For the lease (and the application) I used You can access basic forms for free and get more customizable ones for a membership fee. I've heard DC rental laws are complicated, so paying for the state- specific lease was worth it to me and still cheaper than a lawyer.

Once that was settled, we moved out, cleaned the place, made extra keys and handed them over. I know of some landlords who, especially for houses with all-male tenants, include maid service in the cost of the rent. Others take care of really basic maintenance (ie: changing light bulbs and air filters) since some of it is easy to forget and mostly as a way to keep tabs on the house. So that just depends on your ability and preferences.

It's in my list of costs, but an important thing to consider is insurance. First, you want to switch from home owner's insurance to what is sometimes called a "fire protection" policy. Designed for landlords, it covers the cost of rebuilding the structure (in case if fire) but doesn't cover belongings in the house, since the tenants themselves should have a rental policy for that.

The other insurance you may want to consider is an umbrella policy. Say someone breaks a leg on your property and since we are in law suit city decides to sue you for a million dollars. Standard policies like the fire protection policy I mentioned above would cover liability up to a given amount ($300k for standard policies).

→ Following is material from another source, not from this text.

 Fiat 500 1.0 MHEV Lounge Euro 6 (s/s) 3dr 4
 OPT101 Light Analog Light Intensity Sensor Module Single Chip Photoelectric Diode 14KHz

If you have assets worth more than the liability in your policy (real estate, retirement accounts, savings) then you'd have to cover the remaining amount, $700k in my example.  An umbrella policy is a relatively inexpensive way to protect the rest of your assets.  In some situations, you may not need it, but I liked the extra peace of mind it gives us, even though we didn't have too much that wasn't covered by the policies in place.

The very last thing we had to do was set up a forwarding address with the post office.

We've had wonderful experiences being landlords so far, but with all the forms and everything it's definitely been a learning process.  Plus it makes your taxes all sorts of complicated.  There are probably still things we aren't doing right, but hopefully it'll continue to be a good experience.